This stunning concept makes it clear: Mazda needs a halo car

PlayStation gamers are about to get their hands on something Mazda fans have been demanding for years: a no-holds-barred halo car to do the Japanese automaker proud. Revealed this week, the Mazda RX-Vision GT3 borrows a modern-classic concept name and gives it a Gran Turismo Sport twist. Problem is, digital just isn't good enough.

You'd be forgiven if Mazda slipped your mind these days. The company's line-up of crossovers is handsome and competitively priced, while its sedans continue to get praised for how they reward engaged drivers. All the same, as one of the smaller automakers it does feel like trends like electrification have passed Mazda by.

Periodically, though, we get reminders that there's no shortage of talent within the company – and that they know how to design a stunning car. The new RX-Vision GT3 is a perfect example, a virtual racer for Gran Turismo Sport on the PS4 that's every bit as seductive as cars from automakers many times Mazda's size. It raises the question of whether Mazda has everything it needs for its reinvention – or at least kickstarting that process – right in front of it.

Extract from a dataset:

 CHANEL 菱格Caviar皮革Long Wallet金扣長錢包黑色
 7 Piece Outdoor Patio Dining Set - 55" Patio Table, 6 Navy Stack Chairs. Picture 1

For the GT3 race car, Mazda envisages it using a "Skyactiv-R" 4-rotor engine. That would be naturally-aspirated and 2.6-liters in capacity, and capable of 562 horsepower at a heady 9,000 rpm, and 398 lb-ft of torque at 7,500 rpm. The rotary engine would be at the front, pushing all its power to the rear wheels.

The original RX-Vision concept didn't detail its engine, though it did confirm that the sleek coupe would use a rotary powerplant at the front and driven wheels at the back. The reality is, however, that we'd probably be more likely to see a rotary hybrid.

Whispers of how that might work began after a Mazda patent emerged earlier this year. That proposed combining a rotary engine and electric motors, but decoupling the gas part of that from the wheels themselves. Instead, it would act as a mobile generator, working with a capacitor system and hub motors in the front wheels. The capacitors could rapidly charge up, and release, electrical power to drive the front wheels, while the rear motor would lend its heft for all-wheel drive.

It was a complex proposition – a simpler idea resurfaced as the CX-30 EV – and at the time all Mazda would say was that it was something its engineers had developed but with no particular vehicle in mind. A production car based on what we've seen from the RX-Vision and RX-Vision GT3, however, could take a somewhat more straightforward route.

One such example is what we've seen used to great effect by the Acura NSX. That too is a gas-electric hybrid, with electric motors for the front – one for each wheel – and a V6 gas engine with a third electric motor at the rear. Though hybrids may traditionally be associated with being environmentally pious, the NSX admirably demonstrated that they could be adept in performance cars, too.

Mazda may not need a howling monster of a car that brings track-style aggression to public roads. Instead, its halo might better be worn by a sporting grand tourer. Something in the vein of the Lexus LC or even a Bentley Continental GT or Aston Martin DB11, perhaps: a luxurious cruiser that could feast on miles for long-distance journeys, with a jolt of electric urgency for when the roads get twisty.

The MX-5 Miata is an icon, but it's no longer quite the halo car it once acted as. For better or worse, its vision of lightweight, pared-back efficiency in the name of engaged driving feels less broadly aspirational these days. It's a car for purists, but there are fewer purists around.

A GT hybrid – let's, for the sake of things, call it the RX-9 – could sit alongside the Miata, not replace it. Borrow that car's unstinting commitment to picking something and doing it really, really well, but choose as its focus attainable luxury and mature electrification. If it looks half as good as the RX-Vision and RX-Vision GT3, that'd be a darn good place to start.